To execute the steps outlined in this blog, you will meet the following prerequisites:

Apache Druid installed
AWS Account with files in S3

The Migration Process

The process of migrating data from S3 to Apache Druid can be streamlined through a series of well-defined steps, ensuring a smooth transition and integrity of data throughout the migration.

Download Data From S3

The script below first establishes a connection to the AWS S3 service. It initiates this by loading the necessary AWS credentials from a `config_aws.json` file through the `load_aws_keys` function. Once these credentials are successfully fetched, the `authenticate_aws` function uses them to authenticate and produce an S3 client using the `boto3` library. With the S3 client in created, the `download_from_s3` function gets activated to retrieve a specified file from a predetermined S3 bucket and save it to a local directory. If any issues, such as missing credentials or download errors, arise during this procedure, the script outputs relevant error messages. Once the data fetching is concluded, the `create_ingest_spec` function from the `s3_ingest` module is called, to ingest the downloaded data. The ingestion code is described and shown in the following section.

Python

import boto3
import json
from s3_ingest import create_ingest_spec


def load_aws_keys(file_path='config_aws.json'):
	"""Load AWS configuration from a JSON file."""
	try:
    	with open(file_path, 'r') as file:
        	return json.load(file)
	except FileNotFoundError:
    	print(f"Error: The file {file_path} does not exist.")
    	return None
	except json.JSONDecodeError:
    	print(f"Error: The file {file_path} is not a valid JSON file.")
    	return None


def authenticate_aws(aws_keys):
	"""Connect to AWS S3 using the provided configuration."""
	if not aws_keys:
    	print("Error loading AWS keys.")
    	return None

	aws_access_key_id = aws_keys.get('AWS_ACCESS_KEY')
	aws_secret_access_key = aws_keys.get('AWS_SECRET_KEY')

	if not aws_access_key_id or not aws_secret_access_key:
    	print("AWS keys missing from the config file.")
    	return None

	return boto3.client('s3', aws_access_key_id=aws_access_key_id,
                    	aws_secret_access_key=aws_secret_access_key)

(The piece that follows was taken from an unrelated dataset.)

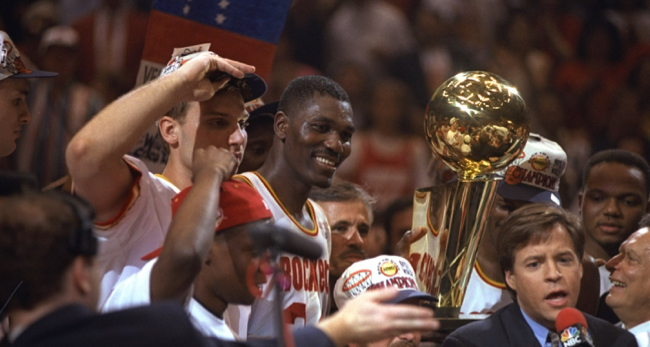 hakeem olajuwon, title rockets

def download_from_s3(s3_client, bucket, key, filename):
	"""Download a specified file from an S3 bucket to a local directory."""
	try:
    	s3_client.download_file(bucket, key, filename)
    	print(f"{key} downloaded from {bucket} to {filename}")
	except Exception as e:
    	print(f"Error downloading file from S3: {e}")


def get_data():
	aws_keys = load_aws_keys()
    s3_client = authenticate_aws(aws_keys)
	if not s3_client:
    	return

	BUCKET_NAME = 'rjbucketaws'
	FILE_KEY = 's3_data.csv'
	LOCAL_PATH = 'data/s3_data.csv'

	download_from_s3(s3_client, BUCKET_NAME, FILE_KEY, LOCAL_PATH)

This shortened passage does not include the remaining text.